米政権が12月26日にITCの決定を覆すことを見送るとアップルは米連邦巡回控訴裁判所に不服を申し立てた。法的手続き中は禁止措置を停止するように主張した。同裁判所は27日、アップルの主張を認め輸入禁止命令を一時的に差し止めた。

だが全面解決ではない。アップルが裁判所に提出した資料によると、同社は当該機能の設計を変更し、米税関当局が2024年1月12日にも特許侵害に当たらないかどうかを判断する。認められなければ、再び販売停止になる可能性がある。

「手続き中も禁止措置が続けば、取り返しがつかない損害を被る」。アップルがそう強調する背景には、ウオッチの高い利益率がある。

ウオッチは心拍数などを計測する機能を強みとして、腕時計型端末で世界シェア首位。ウオッチを含む周辺機器部門の23年9月期の売上高は398億4500万ドル(約5.6兆円)で全体の1割にすぎないが、部品ごとに価格を積み上げた推定部品原価率はiPhoneの5割程度とされる。世界のスマホ市場が低迷するなかで、収益性の高い周辺機器で稼ぐビジネスモデルを育ててきた。

サービスへの影響も大きい。ウオッチを軸にしたヘルスケア関連サービスは、アップルが金融と並んで新たな柱に据えている分野だ。ティム・クック最高経営責任者(CEO)は決算説明会などで「機械学習を活用したウオッチの転倒検知機能や心電図アプリで、多くの人の命を救ってきた」とアピールしている。
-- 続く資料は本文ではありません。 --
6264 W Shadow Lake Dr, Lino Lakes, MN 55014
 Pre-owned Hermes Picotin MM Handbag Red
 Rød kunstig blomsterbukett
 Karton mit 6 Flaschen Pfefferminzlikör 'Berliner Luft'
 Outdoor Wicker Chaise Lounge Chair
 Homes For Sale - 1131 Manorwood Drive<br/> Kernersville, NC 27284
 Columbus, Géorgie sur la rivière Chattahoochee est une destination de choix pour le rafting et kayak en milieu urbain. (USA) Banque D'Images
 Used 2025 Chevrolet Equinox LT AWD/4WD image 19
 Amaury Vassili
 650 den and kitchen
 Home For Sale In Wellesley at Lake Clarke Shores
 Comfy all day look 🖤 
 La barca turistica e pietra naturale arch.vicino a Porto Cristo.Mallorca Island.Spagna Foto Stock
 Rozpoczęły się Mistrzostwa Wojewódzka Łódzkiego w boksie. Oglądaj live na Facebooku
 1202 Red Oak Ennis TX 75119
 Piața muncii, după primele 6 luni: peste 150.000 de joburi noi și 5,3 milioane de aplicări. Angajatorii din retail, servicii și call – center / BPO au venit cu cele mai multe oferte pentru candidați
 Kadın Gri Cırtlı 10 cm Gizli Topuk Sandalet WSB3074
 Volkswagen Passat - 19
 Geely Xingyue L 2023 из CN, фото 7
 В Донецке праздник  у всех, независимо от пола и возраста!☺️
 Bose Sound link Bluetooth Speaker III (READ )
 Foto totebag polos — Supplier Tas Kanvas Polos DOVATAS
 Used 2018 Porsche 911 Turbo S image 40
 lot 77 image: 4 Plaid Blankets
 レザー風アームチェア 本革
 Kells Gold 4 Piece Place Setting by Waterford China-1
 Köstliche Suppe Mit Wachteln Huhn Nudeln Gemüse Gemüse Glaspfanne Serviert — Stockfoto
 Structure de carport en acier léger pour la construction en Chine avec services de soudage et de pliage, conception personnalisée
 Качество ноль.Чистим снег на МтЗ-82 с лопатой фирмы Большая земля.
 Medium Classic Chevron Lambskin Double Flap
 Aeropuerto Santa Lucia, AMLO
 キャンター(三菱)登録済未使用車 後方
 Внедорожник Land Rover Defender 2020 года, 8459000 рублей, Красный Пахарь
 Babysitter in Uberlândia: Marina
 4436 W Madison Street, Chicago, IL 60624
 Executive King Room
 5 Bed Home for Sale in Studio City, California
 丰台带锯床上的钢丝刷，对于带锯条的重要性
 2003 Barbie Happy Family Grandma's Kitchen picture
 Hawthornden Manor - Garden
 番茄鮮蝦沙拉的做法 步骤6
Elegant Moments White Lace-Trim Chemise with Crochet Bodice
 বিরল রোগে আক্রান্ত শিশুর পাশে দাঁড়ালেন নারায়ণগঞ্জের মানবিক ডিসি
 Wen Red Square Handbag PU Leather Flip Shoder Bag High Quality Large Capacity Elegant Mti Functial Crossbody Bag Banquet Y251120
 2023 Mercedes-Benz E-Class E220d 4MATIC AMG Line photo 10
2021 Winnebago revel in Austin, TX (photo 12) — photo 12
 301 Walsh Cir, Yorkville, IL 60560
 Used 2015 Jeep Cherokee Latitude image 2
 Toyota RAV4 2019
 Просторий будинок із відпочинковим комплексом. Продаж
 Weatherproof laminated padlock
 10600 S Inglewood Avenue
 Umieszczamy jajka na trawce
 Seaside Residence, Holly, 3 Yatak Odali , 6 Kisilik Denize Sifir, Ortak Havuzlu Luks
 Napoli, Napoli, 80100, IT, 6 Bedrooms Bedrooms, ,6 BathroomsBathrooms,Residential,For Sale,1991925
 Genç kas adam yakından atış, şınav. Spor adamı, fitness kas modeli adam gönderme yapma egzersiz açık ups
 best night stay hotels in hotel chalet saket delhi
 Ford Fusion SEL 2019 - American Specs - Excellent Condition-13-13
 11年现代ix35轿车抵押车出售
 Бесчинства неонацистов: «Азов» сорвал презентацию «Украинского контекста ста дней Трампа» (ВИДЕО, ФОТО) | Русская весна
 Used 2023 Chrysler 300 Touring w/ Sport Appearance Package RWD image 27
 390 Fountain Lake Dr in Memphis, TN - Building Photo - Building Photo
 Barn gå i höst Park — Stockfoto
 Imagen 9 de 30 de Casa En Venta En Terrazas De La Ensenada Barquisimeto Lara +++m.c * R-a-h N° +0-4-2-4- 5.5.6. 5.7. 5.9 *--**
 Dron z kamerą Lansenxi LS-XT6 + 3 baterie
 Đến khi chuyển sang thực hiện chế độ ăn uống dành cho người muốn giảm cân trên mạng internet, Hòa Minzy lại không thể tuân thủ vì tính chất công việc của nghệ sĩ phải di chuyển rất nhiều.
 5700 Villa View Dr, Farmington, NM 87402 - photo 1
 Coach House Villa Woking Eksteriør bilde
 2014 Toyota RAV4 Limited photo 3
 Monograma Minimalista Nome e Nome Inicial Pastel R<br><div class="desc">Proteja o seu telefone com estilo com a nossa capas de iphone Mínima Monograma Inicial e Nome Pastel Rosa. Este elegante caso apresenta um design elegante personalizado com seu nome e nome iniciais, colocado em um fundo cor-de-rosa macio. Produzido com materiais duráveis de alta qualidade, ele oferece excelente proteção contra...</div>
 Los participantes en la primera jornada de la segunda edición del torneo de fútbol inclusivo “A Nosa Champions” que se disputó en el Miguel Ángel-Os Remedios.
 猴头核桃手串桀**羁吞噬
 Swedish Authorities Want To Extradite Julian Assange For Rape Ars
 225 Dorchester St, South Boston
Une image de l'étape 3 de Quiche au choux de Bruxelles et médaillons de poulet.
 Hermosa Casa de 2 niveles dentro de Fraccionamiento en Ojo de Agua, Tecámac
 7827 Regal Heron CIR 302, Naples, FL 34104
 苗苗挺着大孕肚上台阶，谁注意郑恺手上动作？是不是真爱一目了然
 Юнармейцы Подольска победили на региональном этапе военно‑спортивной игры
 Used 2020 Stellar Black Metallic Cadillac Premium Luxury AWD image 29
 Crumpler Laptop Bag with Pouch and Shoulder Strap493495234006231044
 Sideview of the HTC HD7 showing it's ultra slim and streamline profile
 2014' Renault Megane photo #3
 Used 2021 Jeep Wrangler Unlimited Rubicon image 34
ヘルスケアや腕時計型端末は競争が激しくなっている分野でもある。アップルはウオッチやワイヤレスイヤホンなど、近年の新製品は後発としての参入が目立つ。それでも製品の完成度を高めることで世界シェアを高めてきたが、優秀な人材の採用や類似技術の開発で後手に回ると、今回のような知財紛争に発展するリスクもある。マシモはアップルが主要技術者を引き抜いて技術を盗んだと主張している。

アップルは24年に発売する初のゴーグル型端末「Vision Pro(ビジョンプロ)」では、約10年間に関連特許を5000件以上申請した。独自の技術を開発し、消費者に新たな価値を提供することこそがアップルの今後の成長を左右する。